- Church: Catholic Church
- In office: 4 February 1541 – 22 July 1541
- Predecessor: Pedro Fernández Manrique
- Successor: Pierre de La Baume
- Other post: (Arch)Bishop of Gubbio (1508-1541)
- Previous posts: Archbishop of Salerno (1507-1529) (Arch)Bishop of Coutances (1521-1525)

Orders
- Created cardinal: 19 December 1539 by Pope Paul III

Personal details
- Born: c. 1480 Genoa, Republic of Genoa
- Died: 22 July 1541 (aged 60–61) Gubbio, Duchy of Urbino

= Federigo Fregoso =

Italian nobleman, prelate and general

Federigo Fregoso (c. 1480, Genoa - 22 July 1541), was an Italian nobleman, prelate and general.

==Early life and family==
Fregoso was born to the Fregoso family, a family who in the late fourteenth century gave two Doges of Genoa to the Republic of Genoa. Federigo was the son of Agostino Fregoso, governor of Genoa in 1488 for Ludovico il Moro, and of Gentilla de Montefeltro, niece of Guidobaldo, Duke of Urbino. His brother, Ottaviano Fregoso, was Doge of Genoa.

Fregoso spent his youth at the court of his uncle, the Duke of Urbino, and after taking Catholic orders, received in 1507 from Pope Julius II the Archbishopric of Salerno. Ferdinand II of Aragon having refused to recognize him because of his sympathies with France, the Pope promised him the See of Gubbio. At the court of Urbino, Federigo had received a good classical education, and had allied himself with such humanists as Pietro Bembo and Baldassarre Castiglione.

==Military career==

In 1510, after the troubles in Genoa and the victory of the Adorno family, he was exiled and compelled to seek refuge in Rome. Three years later, the Fregosi family returned to Genoa, Ottaviano became Doge, and after having become his chief counsellor, Fregoso was placed at the head of the army, and defended the Genoan republic against such internal dangers as the revolts of the Adorni and the Fieschi) as well as suppressing the Barbary piracy.

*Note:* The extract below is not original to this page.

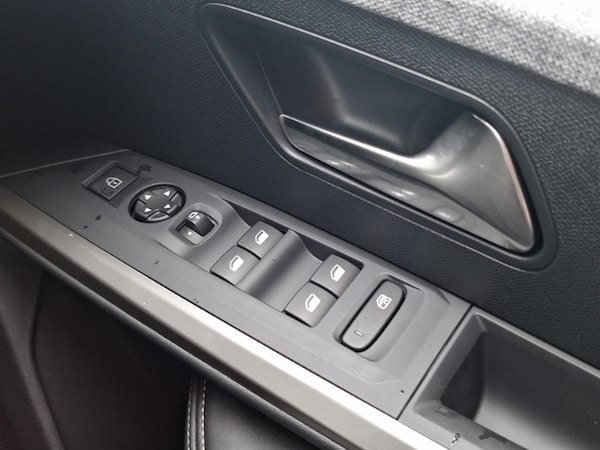 Used Peugeot 5008 2025 for sale - 75491772: Photo 11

The corsair Kurtoğlu Muslihiddin Reis blockaded the coast with a squadron, and within a few days had captured eighteen merchantmen. Being given the command of the Genoese fleet, in which Andrea Doria was serving, Fregoso surprised Kurtoğlu before Bizerta, landed on the island of Djerba and returned to Genoa with treasure.

The Fregosi family had recognized Francis I of France, as Lord of Genoa. In 1522, Charles V besieged the city. Federigo Fregoso directed the defence and was wounded. The Spanish took Genoa by assault, and Fregoso was compelled to seek safety on a French vessel. Francis I accorded him a warm reception and gave him the Abbey of St. Benignus at Dijon. Here he studied Greek and Hebrew, but after quarrels with the monks, who could not endure his severity, he returned to Italy.

==Elevation in Catholic hierarchy==

In 1529 he resigned the See of Salerno and was named titular Bishop of Gubbio. In 1539 Pope Paul III made him a cardinal-priest. He died at Gubbio, in 1541. He wrote several edifying works, and some of his letters are in the collections of Pietro Bembo and Baldassare Castiglione.